◆ Your goal
Find the line with "Walls at the" in the records below. Output exactly from there until after the line with "Posavasos Foto de", without pictures.

Raw data Start Marker

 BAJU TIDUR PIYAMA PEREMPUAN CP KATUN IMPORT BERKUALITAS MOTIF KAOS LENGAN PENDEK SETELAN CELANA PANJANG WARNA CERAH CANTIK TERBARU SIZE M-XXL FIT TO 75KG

Raw data End Marker
Raw data Start Marker

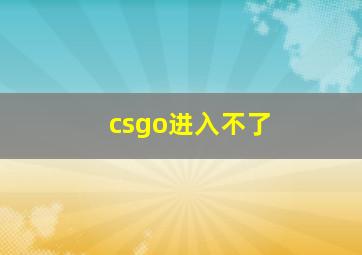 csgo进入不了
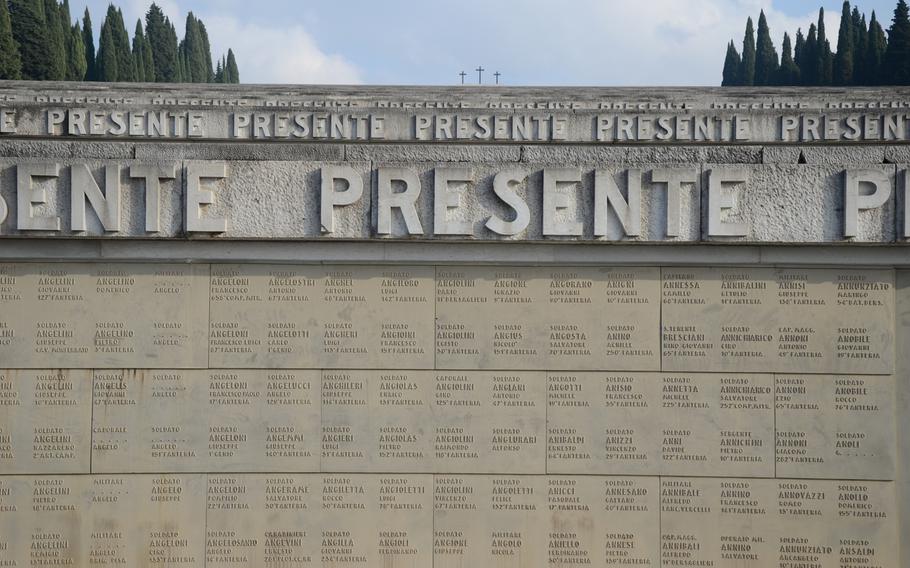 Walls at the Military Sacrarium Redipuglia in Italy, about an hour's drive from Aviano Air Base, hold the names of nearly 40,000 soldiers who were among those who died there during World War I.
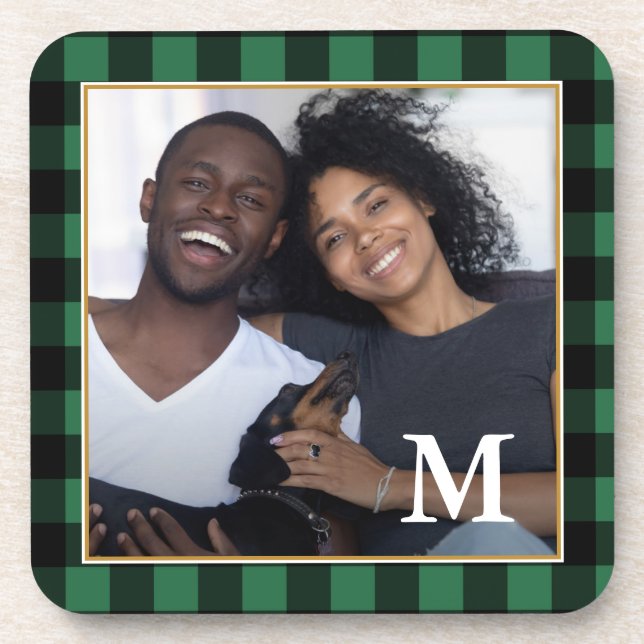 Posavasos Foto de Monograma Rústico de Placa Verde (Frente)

Raw data End Marker

◆ Solution to this problem
 Walls at the Military Sacrarium Redipuglia in Italy, about an hour's drive from Aviano Air Base, hold the names of nearly 40,000 soldiers who were among those who died there during World War I.
 Posavasos Foto de Monograma Rústico de Placa Verde (Frente)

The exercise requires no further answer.